→ Extracted entries:
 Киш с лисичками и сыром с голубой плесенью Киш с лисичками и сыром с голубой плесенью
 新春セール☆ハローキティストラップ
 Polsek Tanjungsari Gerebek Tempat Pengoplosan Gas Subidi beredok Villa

==

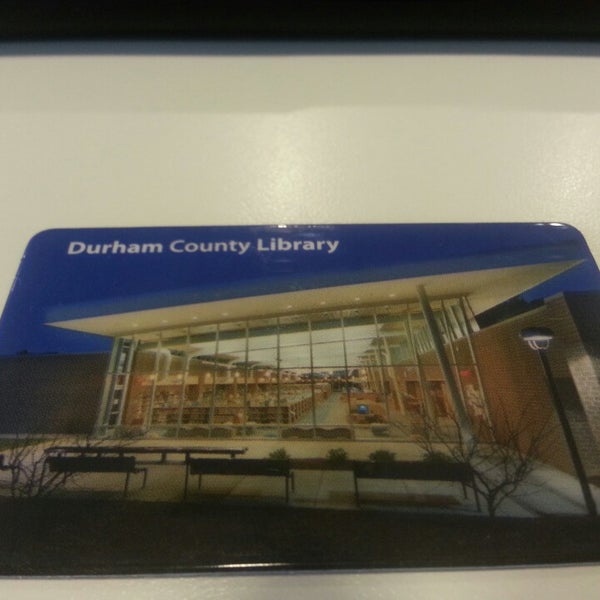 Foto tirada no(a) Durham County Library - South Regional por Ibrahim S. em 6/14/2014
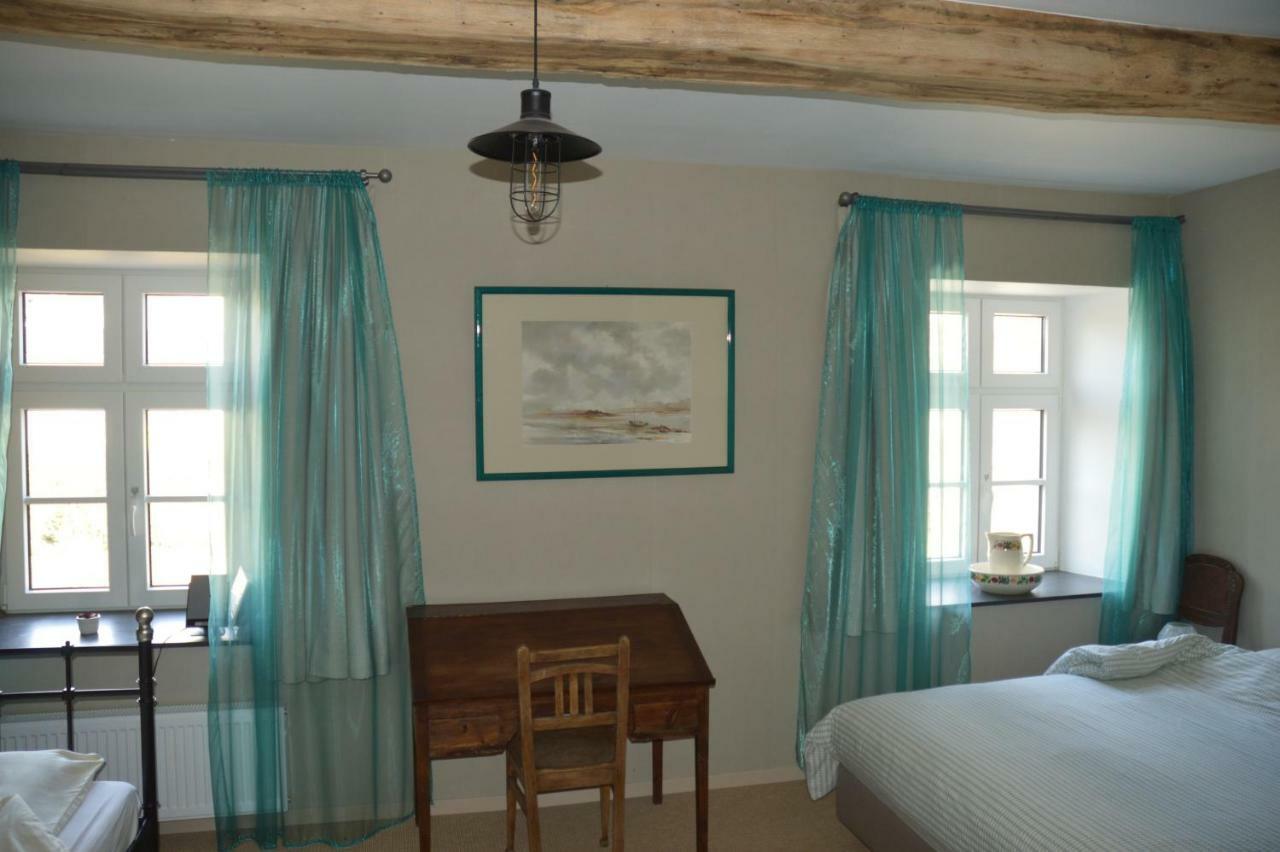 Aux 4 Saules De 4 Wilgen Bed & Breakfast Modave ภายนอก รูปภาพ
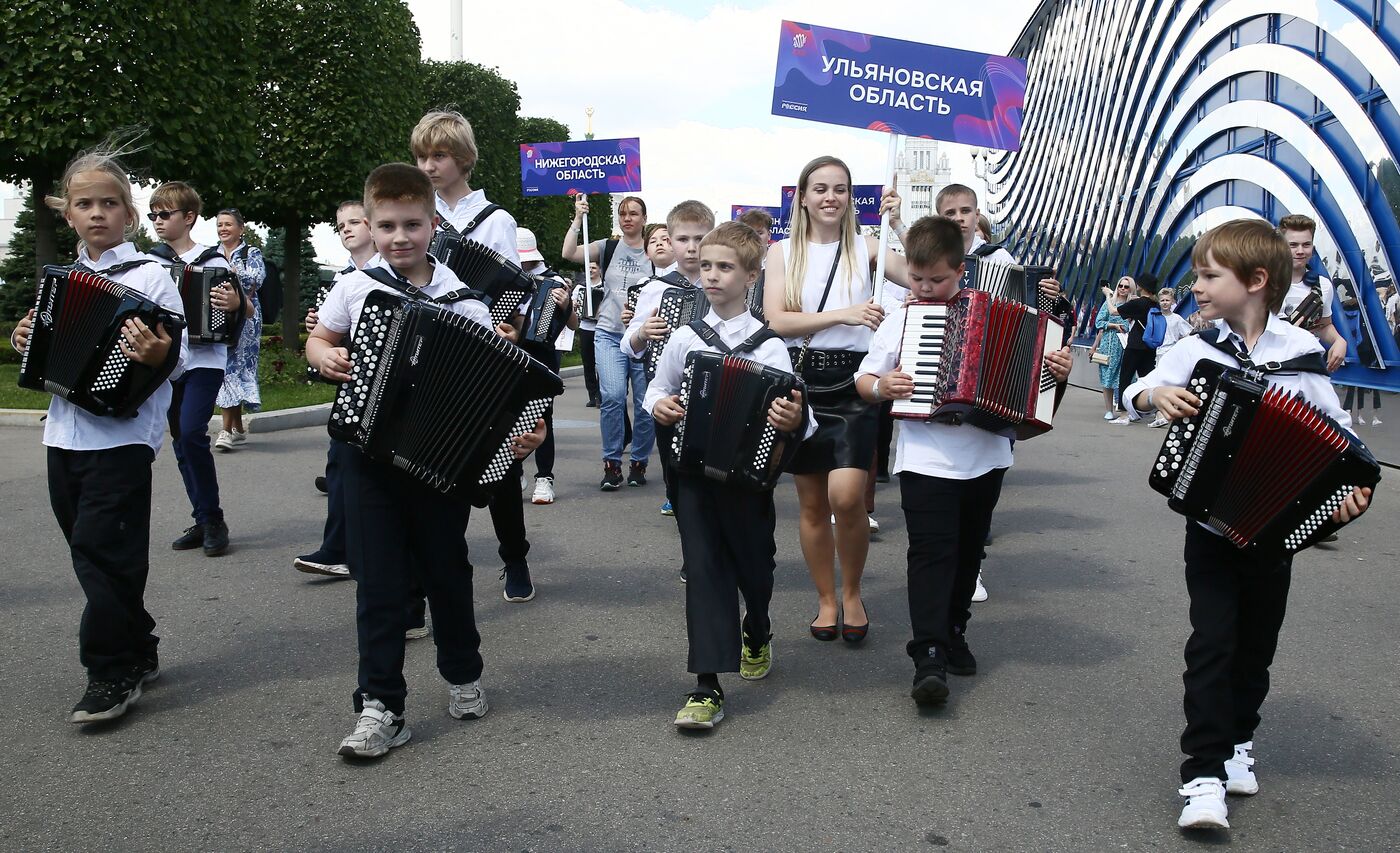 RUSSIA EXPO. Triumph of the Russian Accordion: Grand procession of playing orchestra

→ Work to be completed:
Starting at the line above that holds "新春セール☆ハローキティストラップ" and ending at the line that holds "Polsek Tanjungsari Gerebek", transcribe each line exactly and include no other lines.

→ Response to the task:
 新春セール☆ハローキティストラップ
 Polsek Tanjungsari Gerebek Tempat Pengoplosan Gas Subidi beredok Villa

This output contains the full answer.